The African Civil Aviation Commission (AFCAC), the body responsible for implementing intra-African Open Skies, has named former Ethiopian CAA director general Tefera Mekonnen as its next secretary general (SG).
Mekonnen, who is currently AFCAC air transport director, was named as the body’s next SG during an AFCAC plenary session held in Livingstone, Zambia on Dec. 3.
“An official statement will be done soon. The official appointment is on the Jan. 7, 2019,” an AFCAC spokesperson told ATW via Twitter.
He succeeds Iyabo Sosina, whose term ended in January 2018. Since Sosina stepped down, AFCAC has been headed on an interim basis by Papa Atoumane Fall.

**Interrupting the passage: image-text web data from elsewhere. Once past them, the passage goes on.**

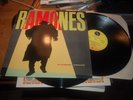 9610 Ramones Pleasant Dreams Ex Con Buy 5 LPs For £6 Post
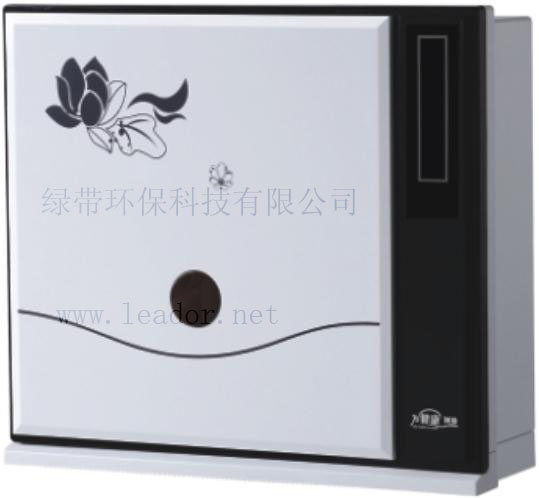 净水器代理加盟 净水机厂家 什么牌子的直饮水机好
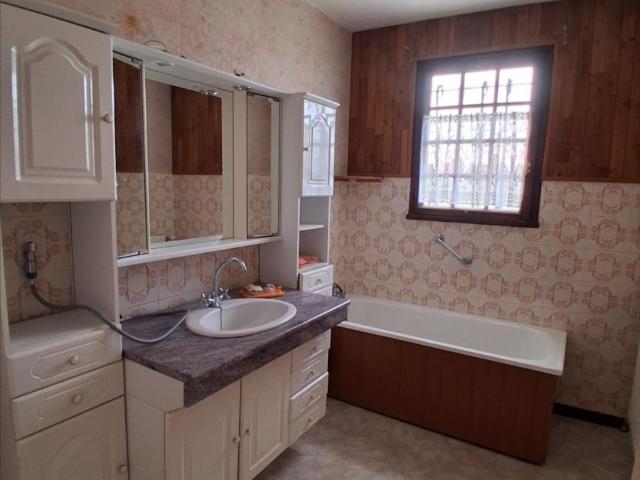 Maison en vente à Fresnoy le Grand, Hauts de France, 157000€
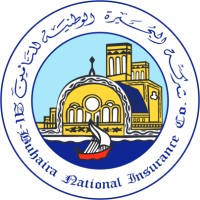 al_buhaira_national_insurance_co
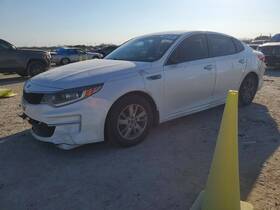 Kia 210-53943 Seat Belt Front Korea Built Vin K 1st Digit Passenger Fits 16-20 Optima 3961329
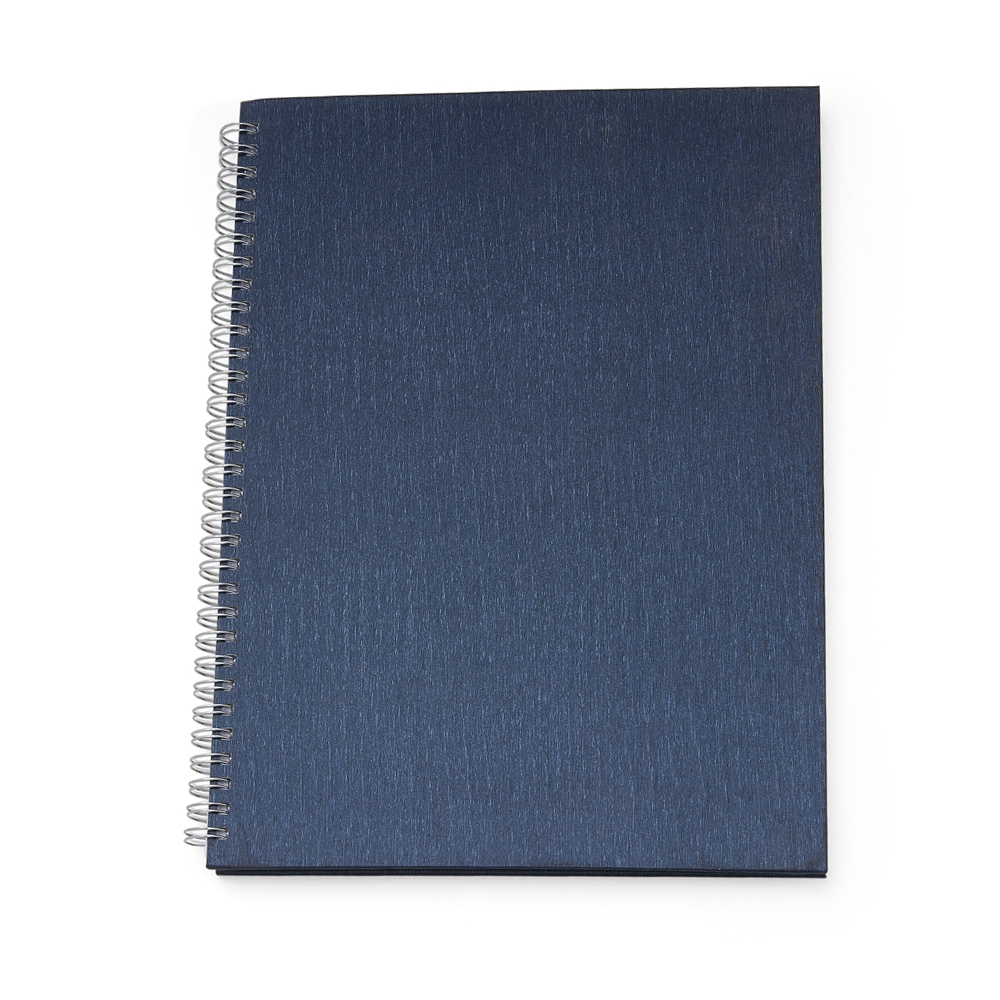 Caderno de Negócios - Imagem 3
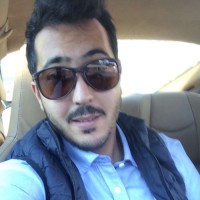 Ahmad Musa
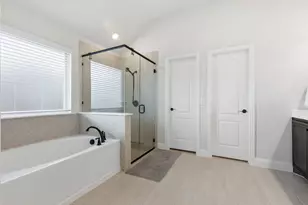 4054 Grove Valley Rd, Midlothian, TX 76065 - Photo 19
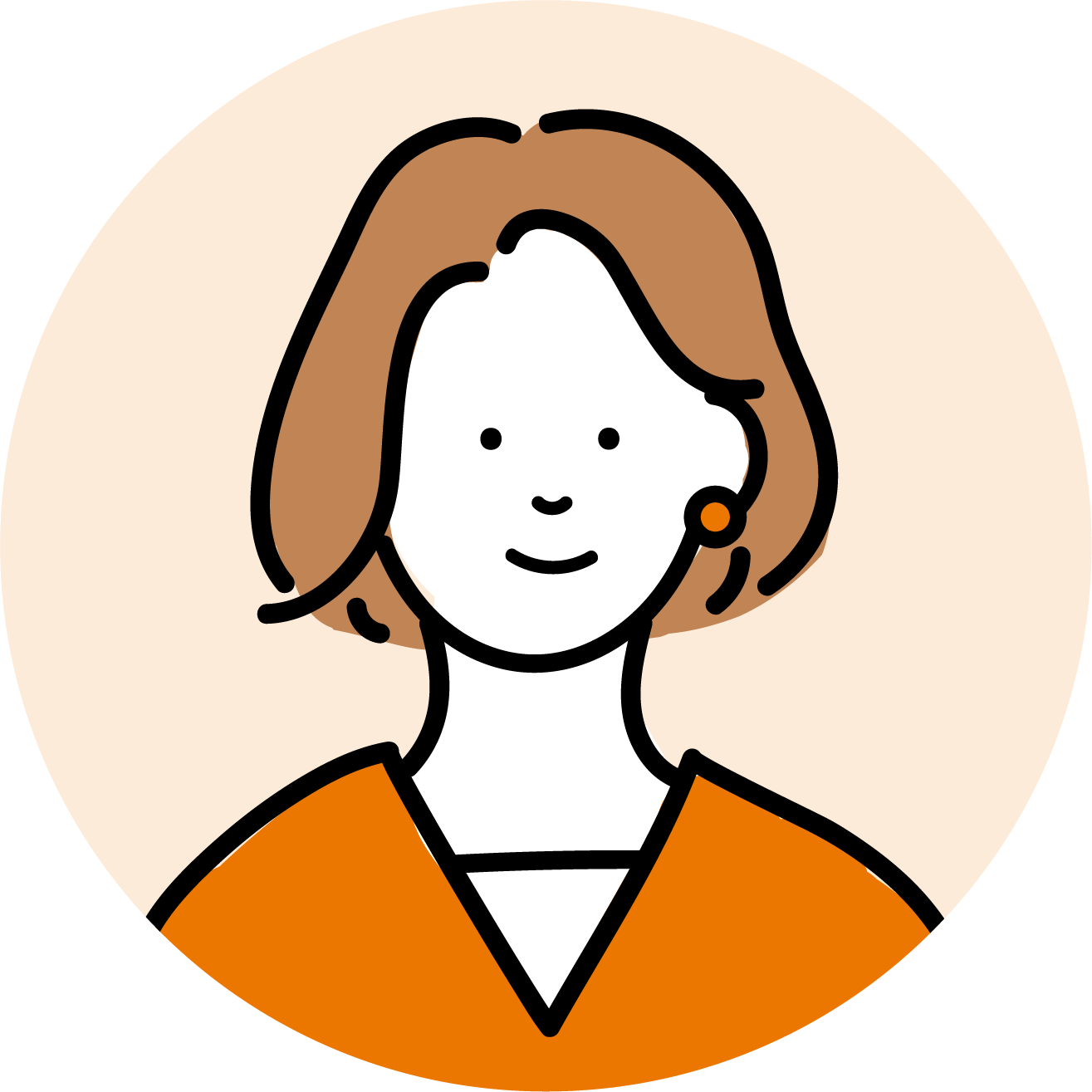 佐藤由紀さん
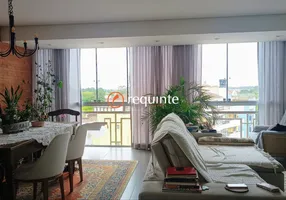 Foto 1 de Apartamento com 3 Quartos à venda, 151m² em Centro, Pelotas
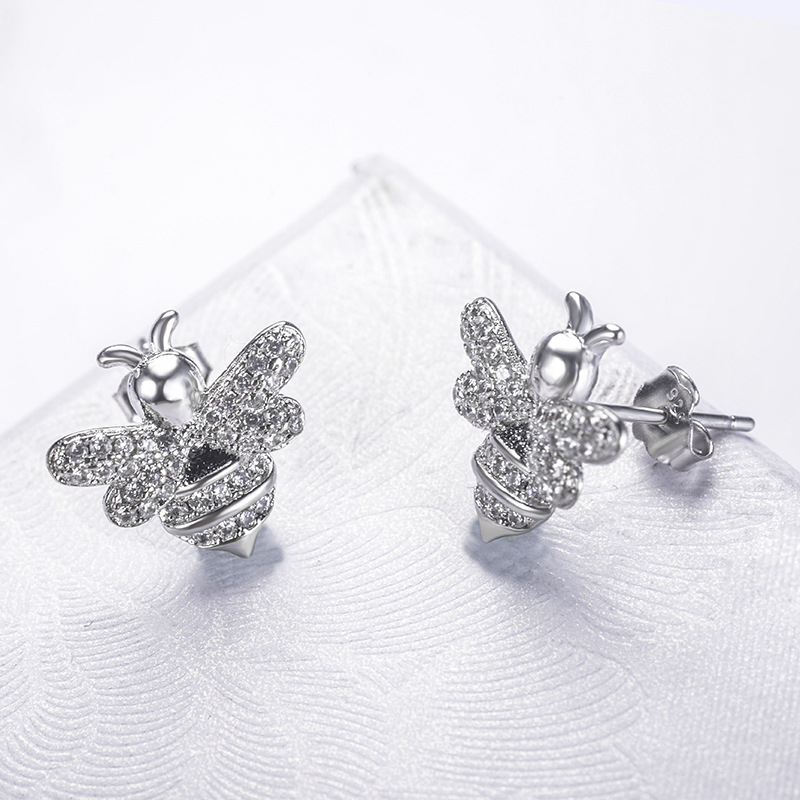 2018�¿��պ���ɰ��۷����Ůʱ�аٴ�����925���������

The timing is significant. AFCAC is the executing agency for intra-African liberalization. Sosina pushed hard to make Open Skies a reality, after decades of delays, leading to the launch of the Single African Air Transport Market (SAATM) on Jan. 29, 2018.
This means that AFCAC has been without a permanent chief during a critical time for this latest Open Skies push.
Mekonnen’s permanent appointment as head of the agency will help give the SAATM initiative more stability. Additionally, AFCAC has just secured African Development Bank funding for the SAATM project, which will be used for lobbying efforts to bring more African countries on board. IATA has also said there is a plan for specialized SAATM communications in 2019.
SAATM is effectively a reinvigoration of the Yamoussoukro Decision (YD)—a 1999 agreement (based on an earlier 1988 declaration), where 44 African states were legally bound to implement African open skies by 2002.
Liberalization is critical to make African air transport sustainable. “This is no longer something nice [to have], it is something necessary, something that is needed. You could say the last 30 years haven’t realized their promise,” IATA regional director for Africa Adefunke Adeyemi said, speaking at a Joint Industry Group for Africa aeropolitical forum in Rabat, Morocco on Nov. 27.
Africa comprises roughly 54 states. Of the 44 that signed up to the YD, only 27 have reaffirmed their commitment to the SAATM. This total is further-thinned, because each signatory has to go through seven “Concrete Measures” to implement the SAATM, including notifying the other participants that their market is open.
Speaking at the African Airline Association (AFRAA) annual meeting in Rabat, on Nov. 26, Mekonnen said 14 states have now completed Concrete Measures 1-3. Nine states have completed Measures 4-5, five have completed Measure 6 and six have done Measure 7.
In addition to the Concrete Measures, 14 SAATM members signed a memorandum of implementation (MoI) for the SAATM and YD in Lomé, Togo on May 28, 2018. “The MoI is aimed at complementing the Concrete Measures on the establishment of the SAATM through the expeditious removal of any restrictive provisions in existing bilateral air service agreements,” IATA said in a briefing document, issued at the aeropolitical forum in Rabat.
AFCAC said Gambia become the 15th state to sign the SAATM MoI on Dec. 11, during ICAO’s Air Services Negotiation Event (ICAN) in Nairobi, Kenya.
“African member states need to become more involved and join SAATM. They have already been sensitized but the level of implementation is too low,” AFCAC said via Twitter.
SAATM is one of the African Union (AU) flagship projects under its Agenda 2063 strategy. AFCAC has already had three pieces of open skies policy adopted by the AU. These include competition and consumer protection rules, as well as a confirmation of AFCAC’s enforcement powers. The Open Skies dispute-resolution measures are still being drafted and are expected to be approved during the next AU heads of state summit.
In addition to Mekonnen’s appointment as AFCAC SG, during the AFCAC plenary session Zambian CAA DG Gabriel Lesa was named as AFCAC president for 2018-21, taking over from Egypt’s Hany Yehia Eladawy.